He didn’t have any final words.
And outside Long Bay Gaol, only a small group lingered to hear the news of John Trevor Kelly’s execution.
It was August 24, 1939, and by 8am, the quiet 24-year-old became the last man hanged in NSW.
The path that led to this moment began six months previously with the chilling axe murder of Marjorie Constance “Connie” Sommerlad, the daughter of a prominent family in the northeastern NSW town of Tenterfield.
About 1am on the morning of Saturday, February 4, Kelly caught a taxi to Hillcrest farm near Tenterfield, where he had been working.
Two versions of events were given by Kelly after he was arrested about what happened that day.
The first is that when he arrived at the homestead, Connie’s brother and the owner of the farm, Eric Sommerlad, gave him his notice and told him he could not be depended on to carry out his work due to the fact he drank too much.
Kelly claimed he lost control and went outside to get an axe and attacked Eric in his bed on the veranda and when the commotion woke Eric’s sister, Connie, she came running and Kelly hit her with the axe too.
But a second statement he made was likely closer to the truth.
He said that on arriving at the homestead, he went to Connie’s bedroom to give her some headache powders she had asked him to get for her in town and they chatted while he sat on the edge of her bed.
“A desire for her took possession of me, but on making the suggestion to Miss Sommerlad, she opposed it, at the same time singing out for her brother, Eric,” the statement read. “Realising what he might do or say, I struck her on the face with my closed hand.”
He went on to explain that as she followed him out into the dining room, he hit her again, rushed outside to get an axe and hit her in the head with it.
Fearing Eric would find the murder scene, he went to the makeshift bedroom on the veranda where he slept and struck him with the axe too.
When the Sommerlad’s sister Dulcie returned from a trip to nearby Glen Innes later that morning, she found her sister dead in a pool of blood in the dining room and her brother clinging to life in his bed.
Eric Sommerlad would go on to make a full recovery and give evidence at the subsequent trial, but had no memory of the night after he went to bed.
Despite his admission to police, Kelly’s defence counsel, Mr McMinn, claimed Kelly was insane at the time of the attacks and advised his client to plead not guilty.
But crown prosecutor, Mr Clancy, brought in witnesses to show Kelly appeared normal after the attack and even stole two pounds from Connie’s bedroom drawer, a cheque book, hat and an engagement ring.
Witnesses also testified he had passed several bad cheques drawn on the Sommerlad account on his way to Brisbane after the attack and had posed as a young man en route to Toowoomba to propose to his girlfriend with the stolen ring.
It took the jury assembled at the Armidale court just three hours to declare Kelly guilty of murder and a date was set for his execution.

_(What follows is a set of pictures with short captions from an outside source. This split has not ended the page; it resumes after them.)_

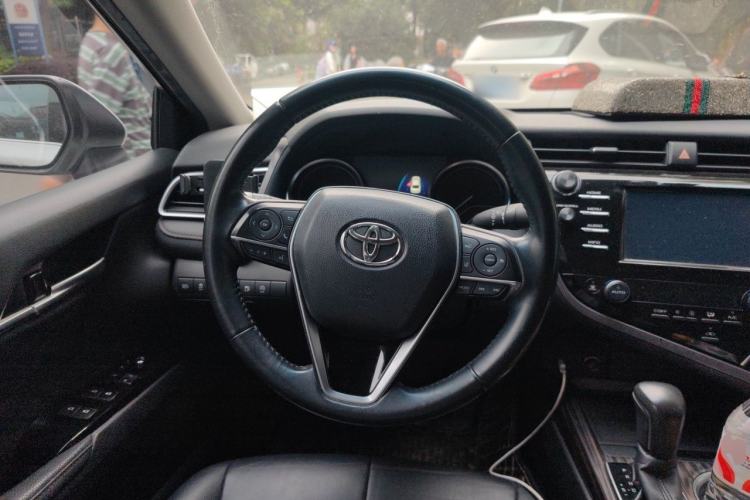 Used Toyota Camry 2018 2.0G Luxury Edition Steering Wheel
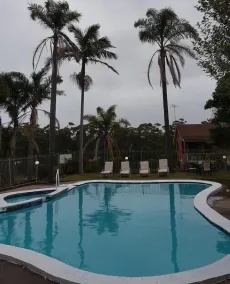 Tabourie Lake Motor Inn - Piscina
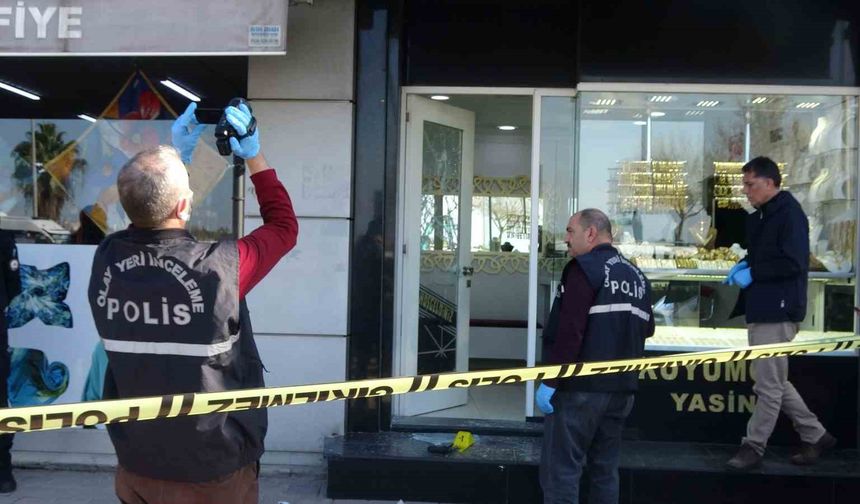 Adana'da silahlı kuyumcu soygunu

His father, Michael Kelly, called the verdict “class justice” claiming: “There have been crimes just as brutal as my boy’s but the men who were found guilty of them are still alive,” he told a newspaper.
“It is only because the murdered woman was the niece of a prominent man that my son is going to the gallows.”
A reprieve was not granted and Kelly was hanged on August 24, 1939.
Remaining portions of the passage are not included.